Given material section start
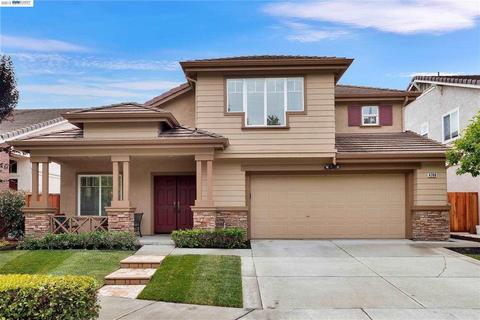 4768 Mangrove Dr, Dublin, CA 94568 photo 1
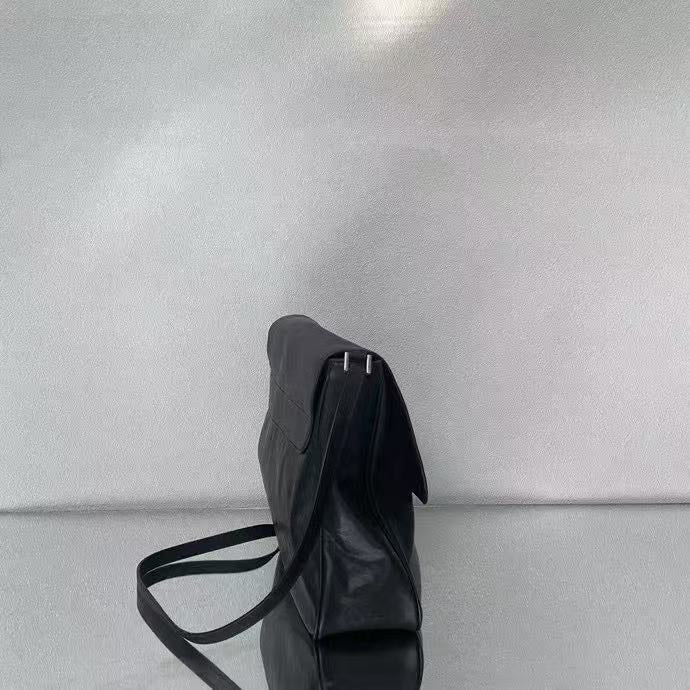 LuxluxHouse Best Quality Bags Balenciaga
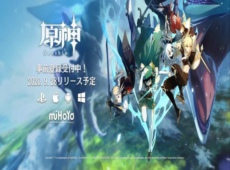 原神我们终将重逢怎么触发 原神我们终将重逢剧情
Given material section end
# [What you have to do]
Reproduce the listing verbatim, pictures excluded.

# [Response to this task]
 4768 Mangrove Dr, Dublin, CA 94568 photo 1
 LuxluxHouse Best Quality Bags Balenciaga
 原神我们终将重逢怎么触发 原神我们终将重逢剧情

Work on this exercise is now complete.